The Tibetan Parliament-in-Exile (TPiE), in a press release on January 28 had announced that a four-member parliamentary delegation, headed by MP Karma Chophel would be visiting New Delhi to call on representatives of Diplomatic Missions and the United Nations, following the recent surge in mass demonstrations and the growing instances of self-immolations in Tibet.
The Embassy of the People’s Republic of China in India responded by writing a letter addressed to “all Diplomatic Missions and Offices of the Specialised Agencies of the United Nations,” urging them not to receive the Tibetan parliamentarians.
“[T]he Embassy of the People’s Republic of China sincerely hope that the Diplomatic Missions and Offices of the Specialised Agencies of the United Nations in New Delhi will not receive the so called “representatives” of Dalai clique and refrain from having any contact with them, so as not to send out wrong signal which may be misused by Dalai clique and cause adversely effect to the mutually cherished bilateral relations,” the letter said.
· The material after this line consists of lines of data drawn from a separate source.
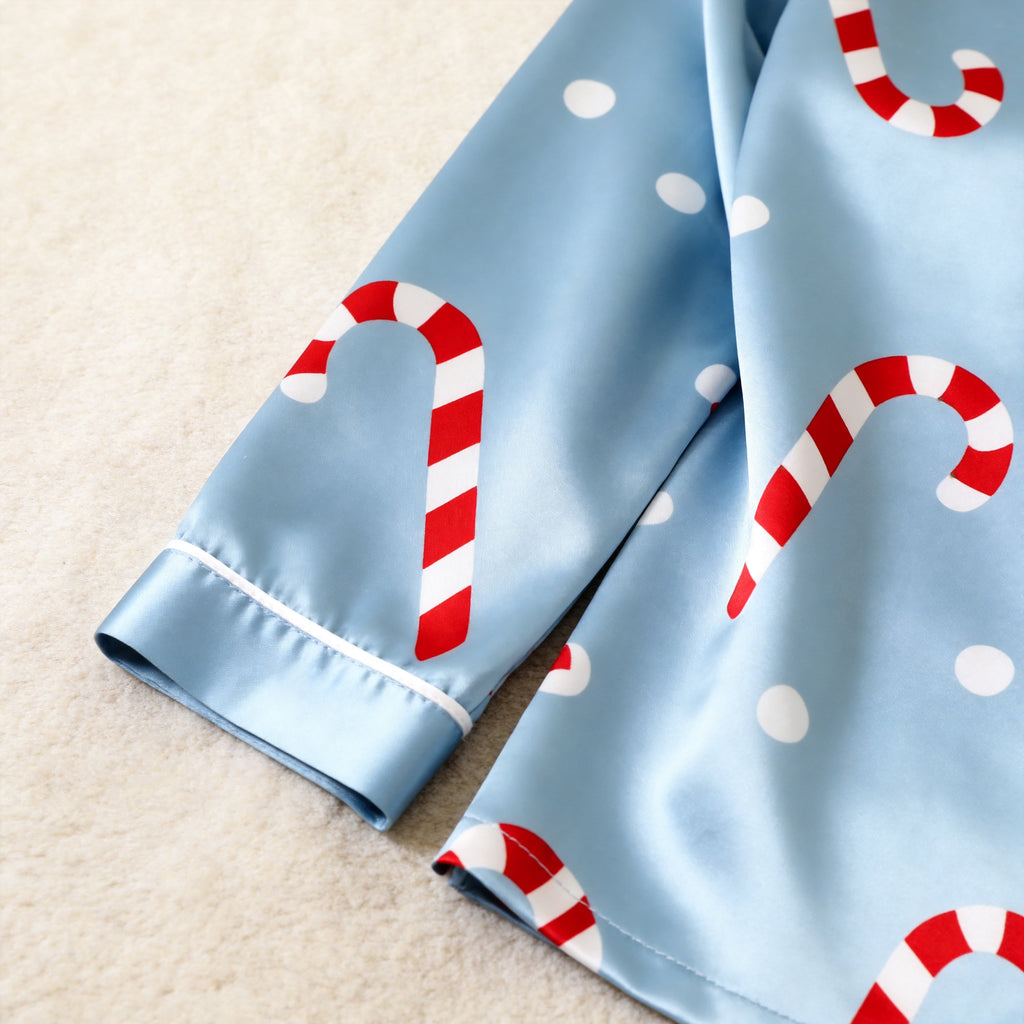 Candy Cane Print Satin Matching Pajamas for Couples – Long Sleeve Button-Down Top & Pants Sleepwear Set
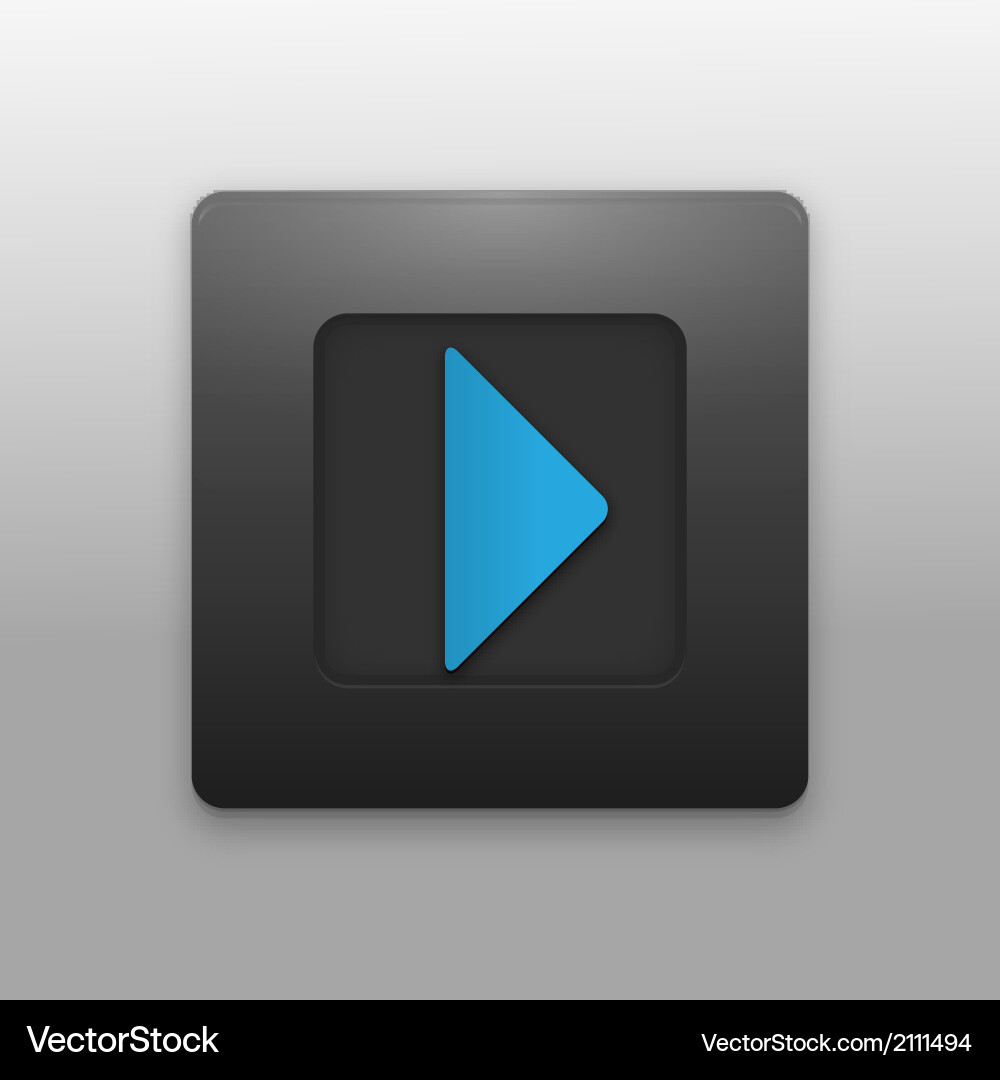 Black button with the play icon for your project vector image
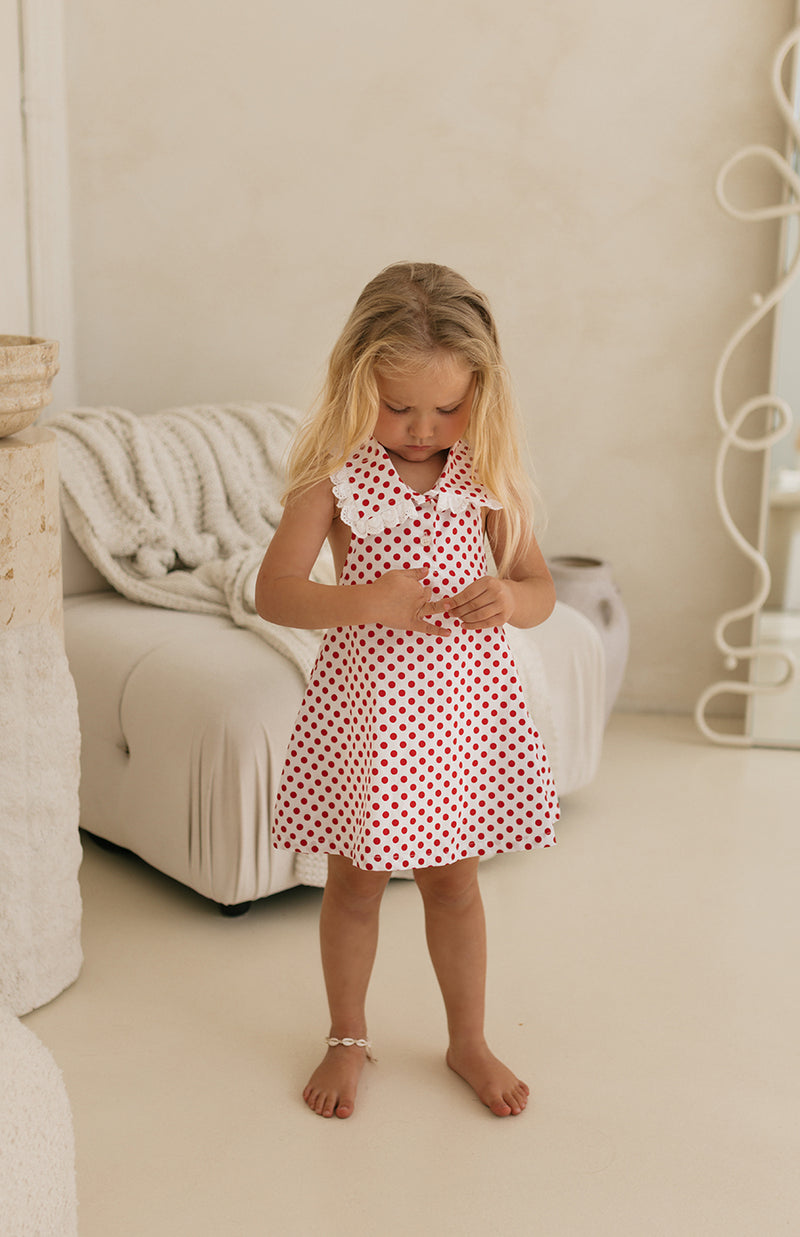 ROSIE DRESS - CHERRY POLKA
Terming “Tibet-related issue” as an “internal matter” of China concerning the country’s “sovereignty and territorial integrity,” the letter dated January 30, went on to call the Tibetan parliamentary delegation, a “part of their plot to fabricate rumours and distort the truth to discredit the Chinese Government.”
However, China’s muscle flexing went largely ignored as a host of Ambassadors and representatives of Diplomatic Missions met with the Tibetan parliamentary delegation.
Ambassadors from the Czech Republic, Slovakia, Switzerland, Sweden, and Denmark personally met with the Tibetan MPs, while deputy heads and political officers from the United States, British, Canada, Germany, France, Taiwan embassies, and the European Union among others, received the Tibetan delegation.
The TPiE, in an open letter addressed to the president of the People’s Republic of China, Hu Jintao, had urged him to withdraw the large military reinforcements from Tibetan areas and take measure to give due consideration to the aspirations of the Tibetan people.
The letter also urged President Hu to “stop policies and programmes aimed at destroying the identity of the Tibetan people” while calling for the resumption of “dialogue with the Tibetans with the commitment and conviction to seek a lasting solution to the issue of Tibet.”
“We express the above sentiments with hope in our hearts that positive sense will prevail over you and your colleagues and immediately respond to the legitimate concerns, failing which you and your government will be held solely responsible for any adverse consequences if the matter are not addressed in a humane way,” the letter read.